Bundespräsident Frank-Walter Steinmeier hat seine Idee für eine soziale Pflichtzeit konkretisiert. Er werbe für eine große Debatte über alle Bürgerdienste.
Berlin – Bundespräsident Frank-Walter Steinmeier hat seine Idee für eine soziale Pflichtzeit konkretisiert. Er werbe für eine große Debatte über alle Bürgerdienste, sagte Steinmeier am Mittwochabend in Berlin laut vorab verbreitetem Redemanuskript. Dazu gehörten die unterschiedlichen Vorschläge zu Freiwilligendiensten, zur sozialen Pflichtzeit sowie zum Wehrdienst. Auch kombinierte Modelle könnten sinnvoll sein, so Steinmeier.
Steinmeier äußerte sich bei einer Festveranstaltung zum 70. Jubiläum des Diakonischen Jahres und zum 60. Jubiläum des Freiwilligen Sozialen Jahres im Evangelischen Werk für Diakonie und Entwicklung in Berlin.
Steinmeier: Gesellschaftliche Gruppen entfremden sich
Er sehe mit Sorge, dass sich Menschen in ihre eigene Lebenswelt zurückzögen und gesellschaftliche Gruppen sich voneinander entfernten und entfremdeten, betonte der Bundespräsident. Auch bedrücke es ihn, dass gesellschaftliche Konflikte schärfer und unversöhnlicher würden, dass Hass und Menschenfeindlichkeit zunähmen und die Fähigkeit zum respektvollen Streit und zum Kompromiss schwinde.

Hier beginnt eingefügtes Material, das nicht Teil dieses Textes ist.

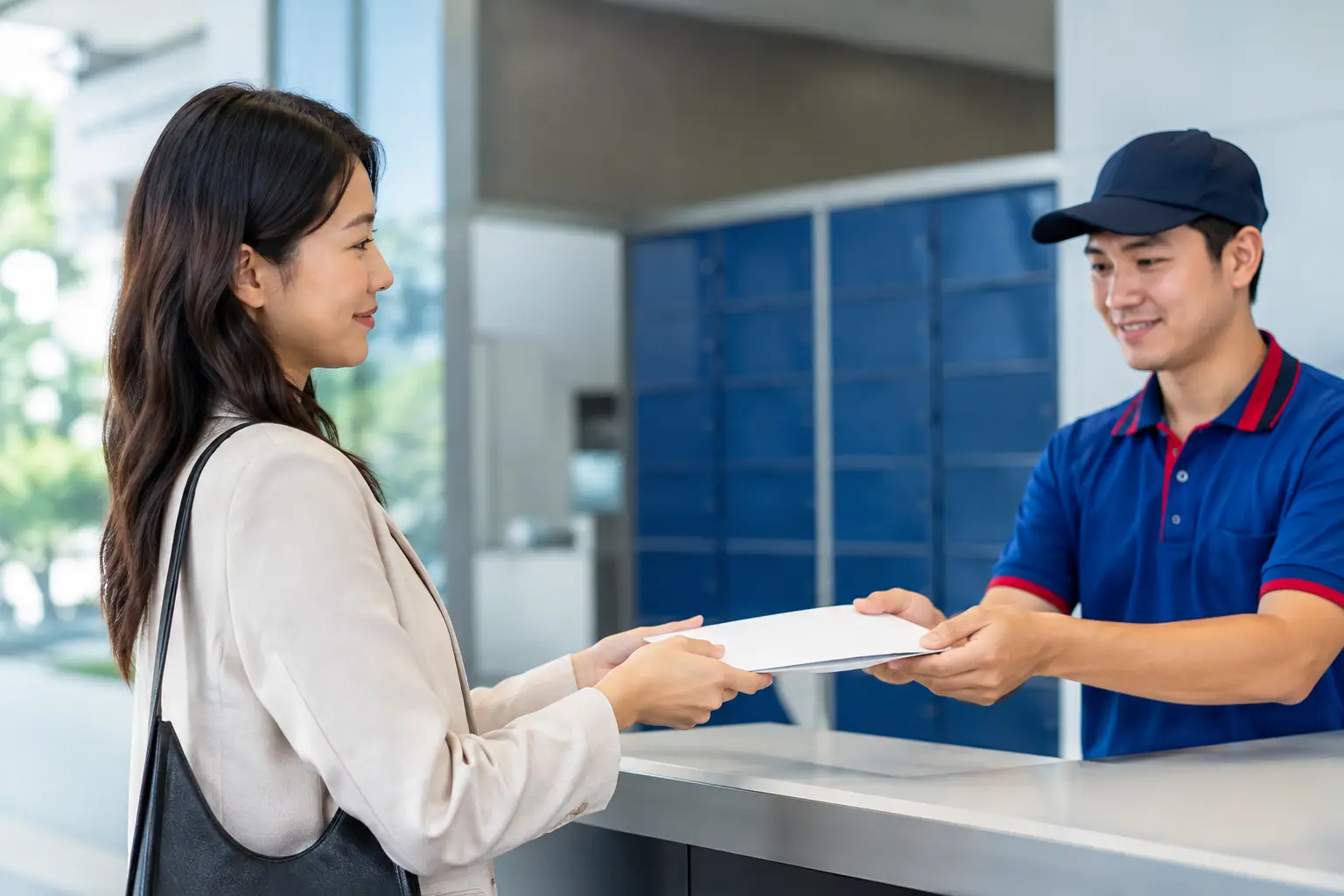 where to collect registered mail in singapore featured - Singapore Post Offices Information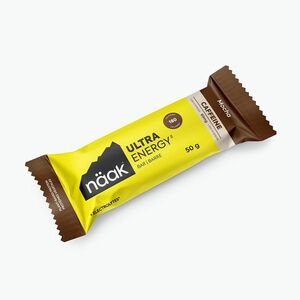 Näak Ultra Energy szelet 50 g mokka (Ultra Energy EBMO-1B-EU) kép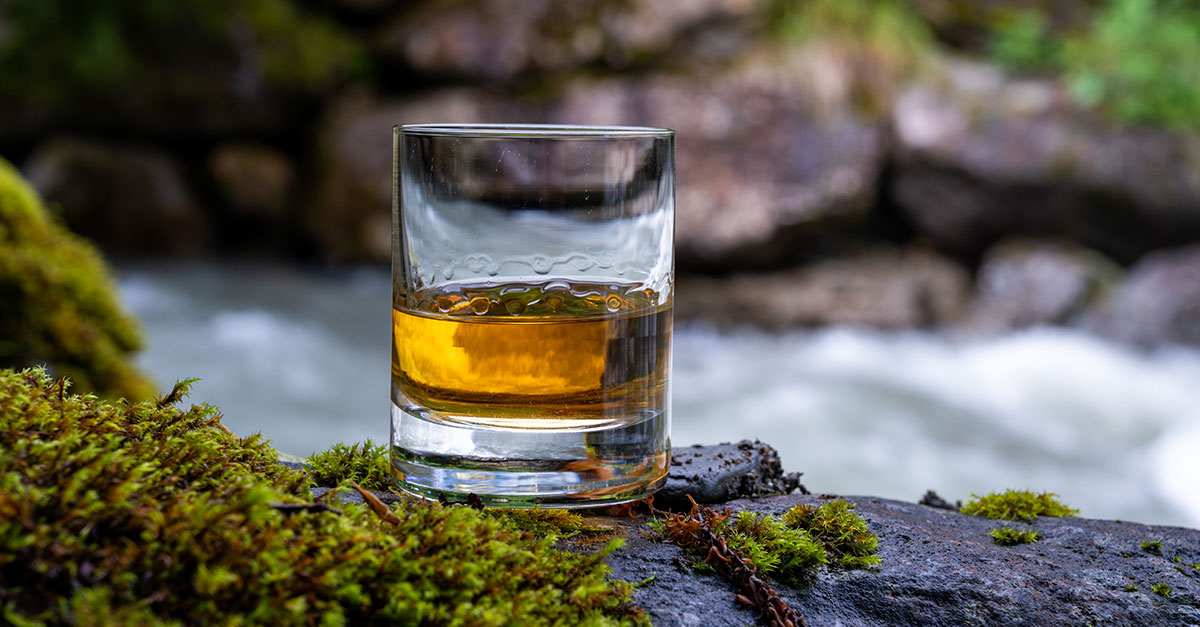 The 20 Most Popular Scotch Brands in the World for 2025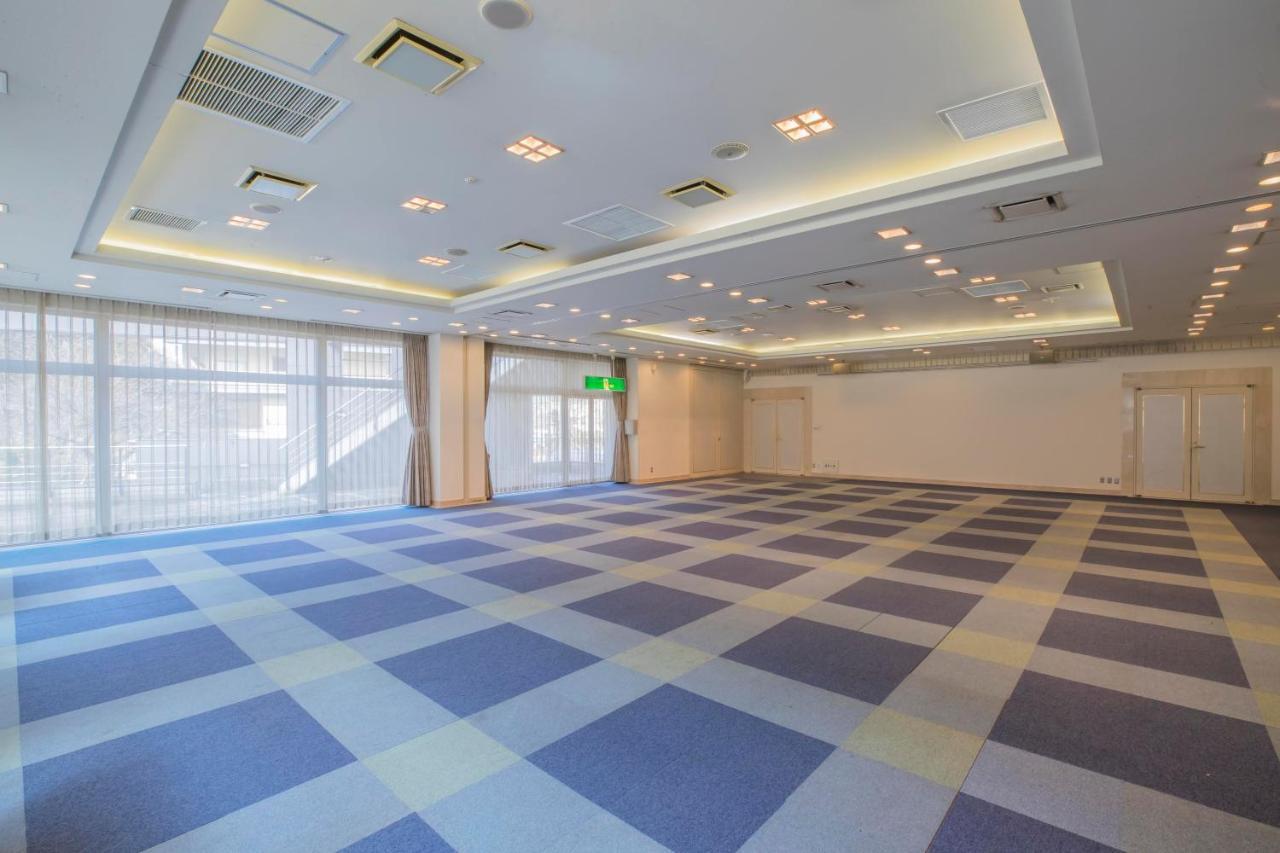 Yutoriro Bandai Atami Hotel Koriyama  Exterior photo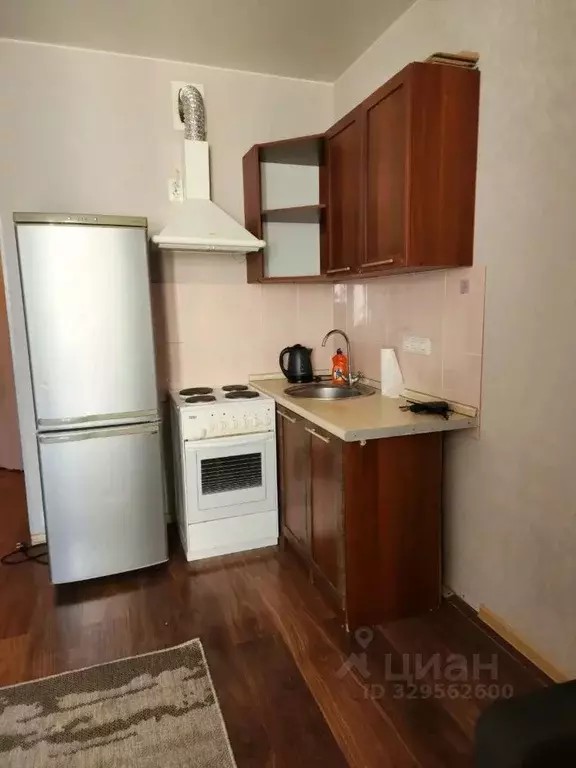 1-к кв. Московская область, Балашиха ул. Бояринова, 13 (38.0 м) - Фото 1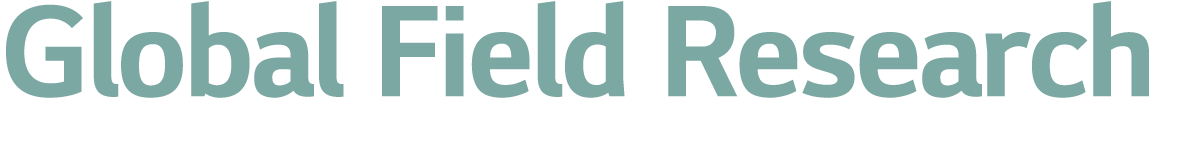 Global Field Research 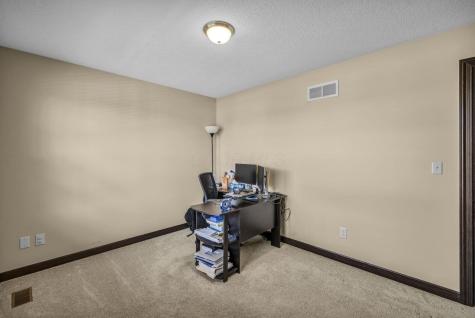 27 Fieldcrest Drive Centerburg OH 43011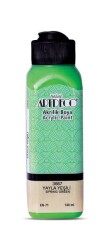 Artdeco Akrilik Boya 140 ml. 3667 YAYLA YEŞİLİ - 1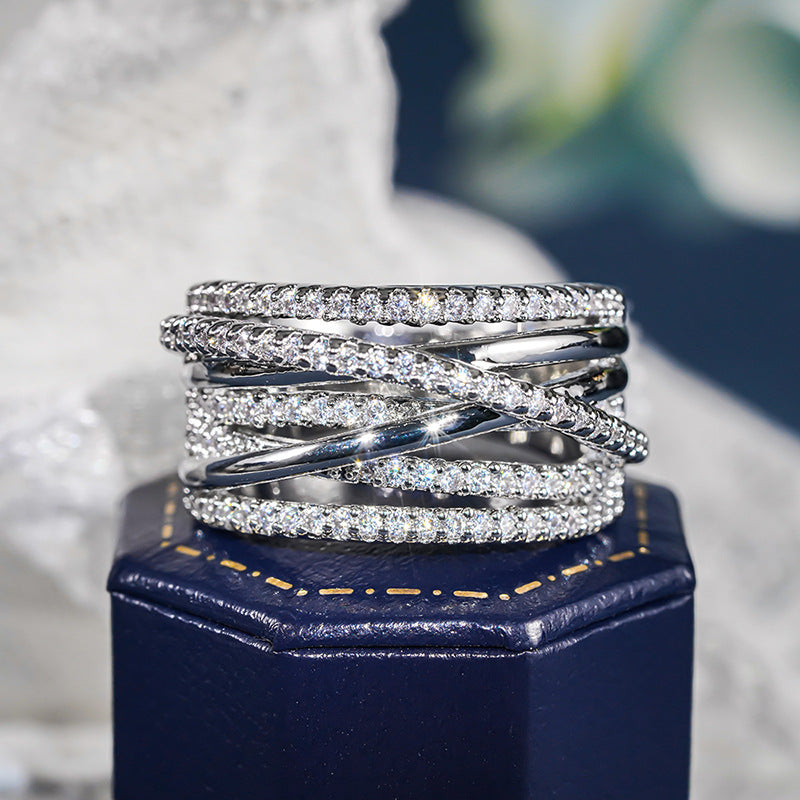 Minimalist Romantic Jewelry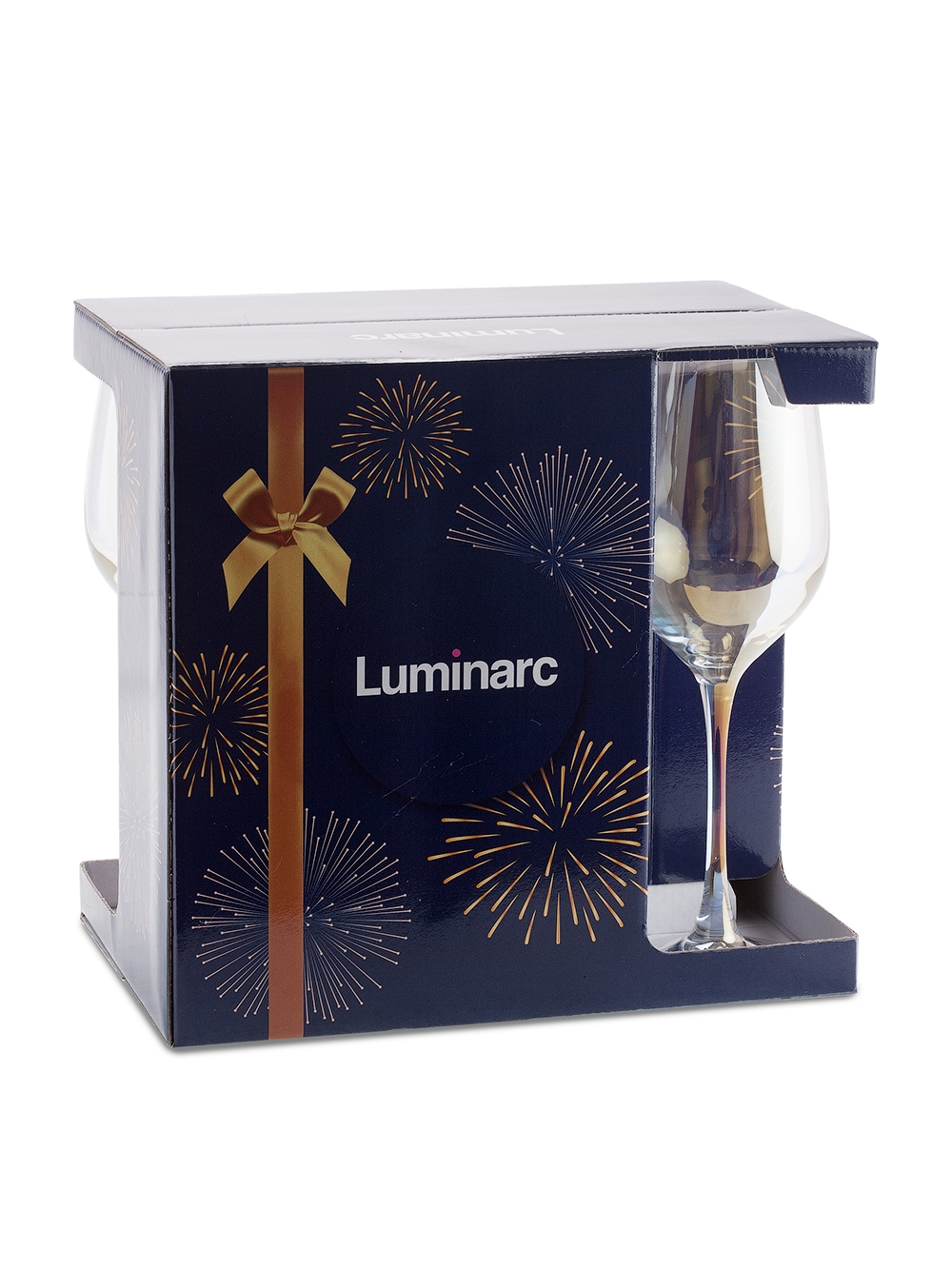 Бокалы для вина Набор бокалов Luminarc P1638 350 мл 6 шт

Gerade in einer solchen Zeit, in der Freiheit und Vielfalt im Innern und von außen angegriffen würden, brauche es mehr Orte, an denen Vertrauen, Gemeinsinn und Verantwortungsbewusstsein wachsen könnten. Es brauche „mehr engagierte Mitmenschlichkeit, mehr aktive Bürgerinnen und Bürger, die sich für ein gutes Miteinander und für die Demokratie einsetzen“.
Zugleich würdigte Steinmeier die Freiwilligendienste: „Was Sie tun, ist unglaublich wertvoll, und es ist heute vielleicht wichtiger denn je.“ Die Dienste hätten in den vergangenen Jahrzehnten mitgeholfen, den Zusammenhalt in der Gesellschaft und das bürgerschaftliche Engagement zu stärken – „und sie tun es bis heute“.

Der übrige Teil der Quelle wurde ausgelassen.